Is the age of thirty any different from twenty-nine? Not particularly. I guess people make a big deal out of it because it’s a nice round number, and it signifies the entrance into a new decade of life. I remember twenty didn’t mean anything, because at twenty, you were old enough to be in college but still too young to legally drink. At thirty, I gain nothing except a three where a two once was, yet because Jenny was here this weekend, I felt like thirty did mean something—because my weekend meant so much.
I met Jenny at work in Charleston, my very first week of habitation in South Carolina. That same week happened to be my birthday week, but I had no plan to celebrate, because I didn’t know anyone. Jenny, however, brought me a cupcake the day of my birthday. It was shocking to have a perfect stranger come into my office and put a cheerfully decorated pastry on my desk. We’ve been friends ever since.
Once Jenny got settled into our new house here in Phoenix, we went out Friday night to Ground Control, where we met friendly bartenders and patrons who bought us expensive shots of Frida Kahlo tequila, bless them. We laughed and laughed until my ribs hurt and I was reminded of all the times we used to cackle on the beaches of South Carolina. Going to bed sounded terrible. Like a kid on Christmas Eve, I was too excited to sleep. I wanted to play, play, play, but since I’m thirty, I’m too old to play, play, play all night … or was I? Friday night, we slept; Saturday night, we didn’t, but we didn’t know what was to come as of Saturday morning, when we put on bathing suits and got mani-pedis together at the spa.
Following a highly productive trip to Total Wine, we went and hung out at a friend’s pool all afternoon. Jake met us there at lunch time, and it was all about the Absolut Miami and pineapple juice. I could have taken a nap, sure, but I didn’t want to miss any Jenny time. We reminisced about Belize, where Jake and I spent every day like Jenny and I spent Saturday.
At five, we showered and dressed, me in a highly out of character skin-tight lavender satin dress. The skin-tight was normal; the pastel color was not. We met the rest of our crew at Hula’s Modern Tiki downtown, where I enjoyed fresh fish and my cocktail of choice, the Dark & Stormy. As a collective, we consumed a Volcano Bowl—a thirty-dollar chalice of mixed liquors and fruit. I received copious offerings of expensive whiskey, tequila, and rum as birthday gifts (I love my friends). The rest of the night was composed of dancing at Sage and Sand, drinking cinnamon-flavored liquor, an after-party at my place (where we tasted all my birthday presents), and an eventual bedtime of 4:30 AM. Who says thirty is old, right?
I hated seeing Jenny leave on Sunday, and I already miss the lady friend who makes me laugh the most. I will be on a detox schedule, yes, for the next two years, but it was worth it.

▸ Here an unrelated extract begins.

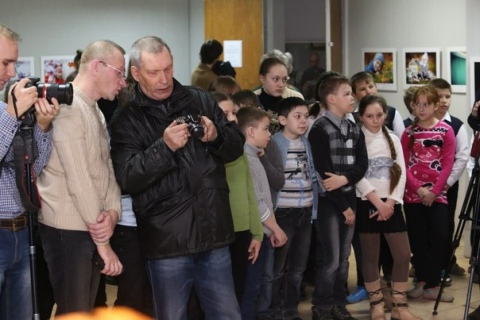 Персональная выставка детской и семейной фотографии «Счастье в кадре». Фото 2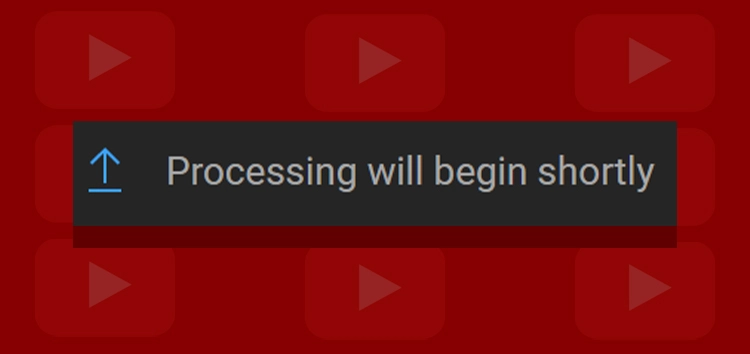 YouTube Video Not Processing: Reasons and 7 Quick Fixes!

Huge, excessive birthday celebrations are always worth it, as long as friends are along for the ride, and great friends, I do have a few. By a few, I mean many, and maybe that was my favorite part of Saturday: watching a group of very different people converse, argue, and bond over preferred movie villains, shots of Fireball, and an obsessive love for seventies disco music.
Age doesn’t have to do with a number. It has to do with the friends you’ve made—and kept—along the way. I’m so blessed to have friends all over the country who I still keep in touch with. I’m blessed to have friends here in Phoenix who brighten my life on a daily basis. I’m blessed to have my very best friend, my hubbie Jake, who Jenny refers to as her Xanax substitute. That’s how all good friends are: they relax us, calm us, and keep us from going nuts … even on my dirty thirty.